◆ **Exercise inputs**

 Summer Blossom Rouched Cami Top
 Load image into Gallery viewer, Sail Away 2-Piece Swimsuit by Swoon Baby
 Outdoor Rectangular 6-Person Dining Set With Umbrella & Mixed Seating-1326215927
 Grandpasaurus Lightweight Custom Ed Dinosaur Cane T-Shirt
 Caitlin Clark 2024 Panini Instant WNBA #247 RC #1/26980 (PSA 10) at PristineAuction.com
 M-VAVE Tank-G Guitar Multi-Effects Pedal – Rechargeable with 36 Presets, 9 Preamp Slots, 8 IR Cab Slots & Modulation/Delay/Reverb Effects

* * *

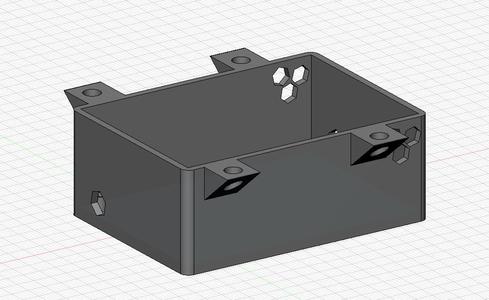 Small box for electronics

==

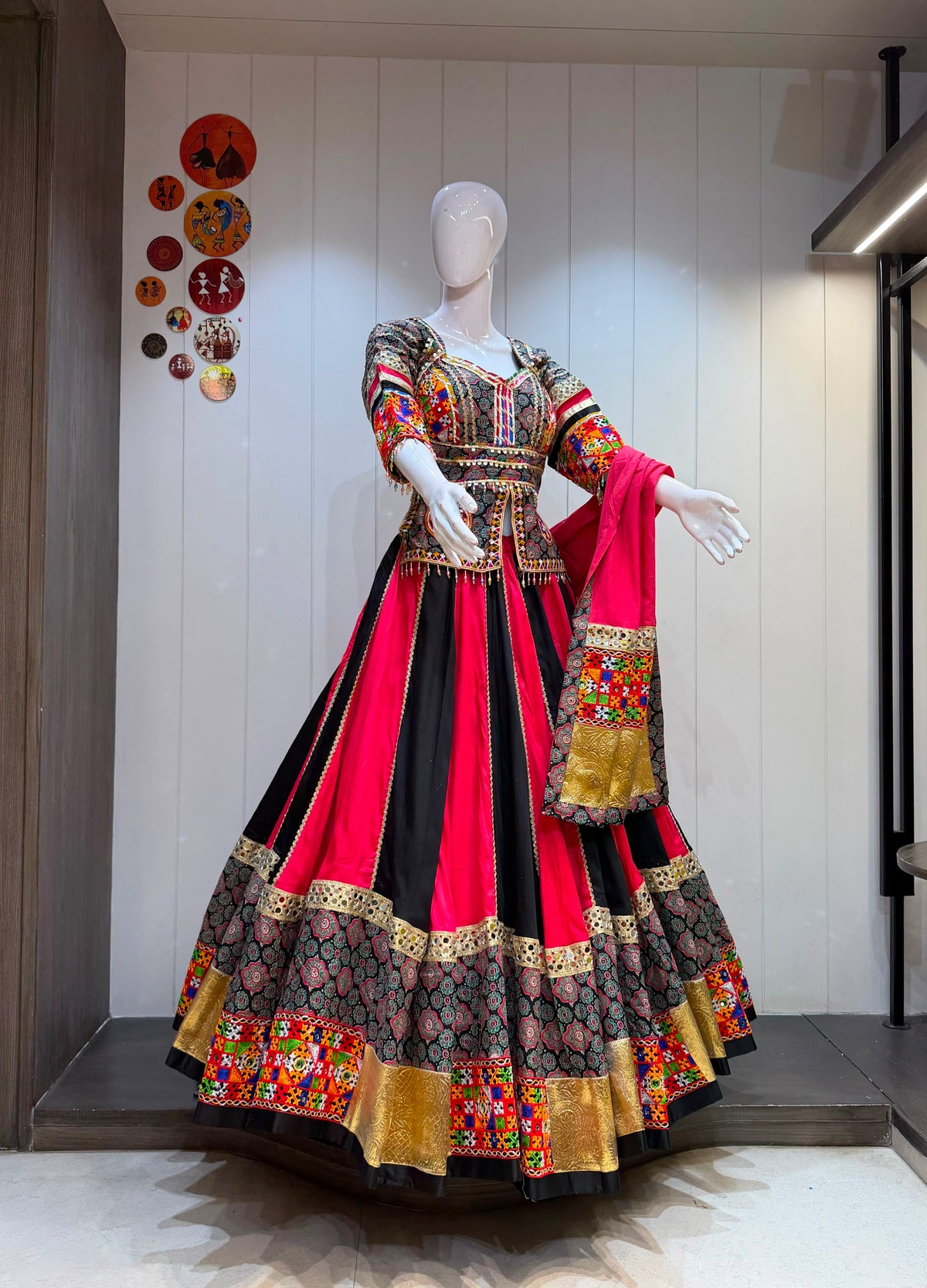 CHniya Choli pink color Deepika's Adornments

◆ **What you need to do**
Would you print, exactly as written, every line above from the one holding "Outdoor Rectangular 6-Person" through the one holding "M-VAVE Tank-G Guitar", with both included and no other lines?

◆ **Expected output**
 Outdoor Rectangular 6-Person Dining Set With Umbrella & Mixed Seating-1326215927
 Grandpasaurus Lightweight Custom Ed Dinosaur Cane T-Shirt
 Caitlin Clark 2024 Panini Instant WNBA #247 RC #1/26980 (PSA 10) at PristineAuction.com
 M-VAVE Tank-G Guitar Multi-Effects Pedal – Rechargeable with 36 Presets, 9 Preamp Slots, 8 IR Cab Slots & Modulation/Delay/Reverb Effects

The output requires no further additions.